Source records:

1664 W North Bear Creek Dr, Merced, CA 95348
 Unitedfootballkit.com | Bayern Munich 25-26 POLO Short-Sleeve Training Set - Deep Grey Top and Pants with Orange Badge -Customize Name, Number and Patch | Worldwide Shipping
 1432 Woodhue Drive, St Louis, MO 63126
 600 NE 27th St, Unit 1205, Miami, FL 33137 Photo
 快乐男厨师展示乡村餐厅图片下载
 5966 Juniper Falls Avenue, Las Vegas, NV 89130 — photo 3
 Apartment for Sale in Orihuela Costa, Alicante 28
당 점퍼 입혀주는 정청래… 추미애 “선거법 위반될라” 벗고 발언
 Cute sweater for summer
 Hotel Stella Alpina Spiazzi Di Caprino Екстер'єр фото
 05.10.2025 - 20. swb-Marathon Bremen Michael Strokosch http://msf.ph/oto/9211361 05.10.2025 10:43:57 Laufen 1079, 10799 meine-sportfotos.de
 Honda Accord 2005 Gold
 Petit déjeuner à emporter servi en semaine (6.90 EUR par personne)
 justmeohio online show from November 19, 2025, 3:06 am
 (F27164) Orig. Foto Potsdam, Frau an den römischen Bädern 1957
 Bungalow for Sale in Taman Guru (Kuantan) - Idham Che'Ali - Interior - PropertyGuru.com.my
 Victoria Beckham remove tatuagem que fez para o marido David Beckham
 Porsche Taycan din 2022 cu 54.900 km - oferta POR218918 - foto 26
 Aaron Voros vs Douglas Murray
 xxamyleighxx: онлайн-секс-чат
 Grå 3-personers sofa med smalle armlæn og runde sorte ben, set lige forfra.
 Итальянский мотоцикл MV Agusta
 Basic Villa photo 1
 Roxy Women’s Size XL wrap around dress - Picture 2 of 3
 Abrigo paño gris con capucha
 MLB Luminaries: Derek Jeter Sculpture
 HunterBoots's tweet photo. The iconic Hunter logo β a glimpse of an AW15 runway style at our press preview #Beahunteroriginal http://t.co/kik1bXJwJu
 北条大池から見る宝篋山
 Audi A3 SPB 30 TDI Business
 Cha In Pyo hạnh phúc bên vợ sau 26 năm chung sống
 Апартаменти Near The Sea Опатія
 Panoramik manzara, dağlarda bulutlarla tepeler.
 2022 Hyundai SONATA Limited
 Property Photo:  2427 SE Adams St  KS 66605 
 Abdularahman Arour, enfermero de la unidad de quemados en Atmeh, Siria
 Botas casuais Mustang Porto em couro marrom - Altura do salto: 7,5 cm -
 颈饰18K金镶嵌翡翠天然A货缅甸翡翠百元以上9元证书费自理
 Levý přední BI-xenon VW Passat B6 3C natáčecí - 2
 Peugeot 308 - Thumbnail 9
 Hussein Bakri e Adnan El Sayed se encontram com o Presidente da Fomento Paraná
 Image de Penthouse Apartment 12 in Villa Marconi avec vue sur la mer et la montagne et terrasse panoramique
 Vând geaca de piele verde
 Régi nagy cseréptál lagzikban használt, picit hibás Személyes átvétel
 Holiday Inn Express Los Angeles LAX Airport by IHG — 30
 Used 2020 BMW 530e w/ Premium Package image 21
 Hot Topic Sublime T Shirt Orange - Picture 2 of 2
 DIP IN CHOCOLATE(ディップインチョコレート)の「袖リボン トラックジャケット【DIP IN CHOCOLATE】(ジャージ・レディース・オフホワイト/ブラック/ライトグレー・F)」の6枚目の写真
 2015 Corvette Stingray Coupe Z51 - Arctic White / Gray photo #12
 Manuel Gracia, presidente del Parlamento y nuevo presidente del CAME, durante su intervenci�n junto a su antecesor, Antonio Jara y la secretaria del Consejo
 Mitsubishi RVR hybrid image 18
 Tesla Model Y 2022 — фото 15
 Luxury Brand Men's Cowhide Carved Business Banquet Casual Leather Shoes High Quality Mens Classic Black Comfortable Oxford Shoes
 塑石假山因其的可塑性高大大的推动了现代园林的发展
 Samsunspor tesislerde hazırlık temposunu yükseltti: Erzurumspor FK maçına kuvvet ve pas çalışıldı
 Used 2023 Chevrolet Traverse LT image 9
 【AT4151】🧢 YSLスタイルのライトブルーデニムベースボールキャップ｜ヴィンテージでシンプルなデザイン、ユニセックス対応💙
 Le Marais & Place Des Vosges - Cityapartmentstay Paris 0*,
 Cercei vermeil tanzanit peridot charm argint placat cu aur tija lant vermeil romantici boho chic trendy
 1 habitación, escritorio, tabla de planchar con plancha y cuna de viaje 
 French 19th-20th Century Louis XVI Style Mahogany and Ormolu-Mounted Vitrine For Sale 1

Prompt: With the line that contains "Le Marais &" as the first and the final line of the data as the last, repeat every line in that span exactly.

Reply to the task:
 Le Marais & Place Des Vosges - Cityapartmentstay Paris 0*,
 Cercei vermeil tanzanit peridot charm argint placat cu aur tija lant vermeil romantici boho chic trendy
 1 habitación, escritorio, tabla de planchar con plancha y cuna de viaje 
 French 19th-20th Century Louis XVI Style Mahogany and Ormolu-Mounted Vitrine For Sale 1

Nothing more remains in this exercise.